As for “Gaddafi,” the transliteration problems are compounded by the vagaries of regional Arabic dialects. The name begins with the Arabic letter Qof (the same letter as the Hebrew qof that shows up in Israeli road signs such Qiryat Shmonah or Petah Tiqwa). It’s sounded in the back of the throat in a way that’s unpronounceable in English (don’t try it at home unless there’s someone nearby who knows Heimlich). However, it sounds something like K, which is why you frequently see “Kaddafi,” “Kadafy” or—in an attempt to improvise that Qof sound—“Khadafy.” The letter G is frequently used as a replacement because the Libyan variant of Qof actually sounds pretty close to our G, though further back in the throat. Most purist Arabic linguists (and there’s really no other kind) frown on transliterations that reproduce regional accents; they prefer that foreigners stick to the revered Classical Arabic, but go explain that to the Associated Press, the leading advocate of “Gadhafi.”

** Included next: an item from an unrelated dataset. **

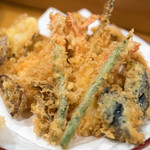 光寿司 - 2018.5 天ぷら（1人前 1,000円）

As for the double-D versus DH in the middle, the doubling obviously represents that dagesh we talked about earlier. The trouble is that the consonant being doubled is not a simple D. It is a Dh, which is to D as Th is to T. That is, it sounds like the Th in “this” (as opposed to the Th in “thin,” which is a different Arabic letter). It would be very awkward to write Gadhdhafi, so you have to choose: Gaddafi or Gadhafi. Or Qaddafi. Or Qadhafi. Or Khadafy. If you’re confused, be thankful that it doesn’t come up much anymore.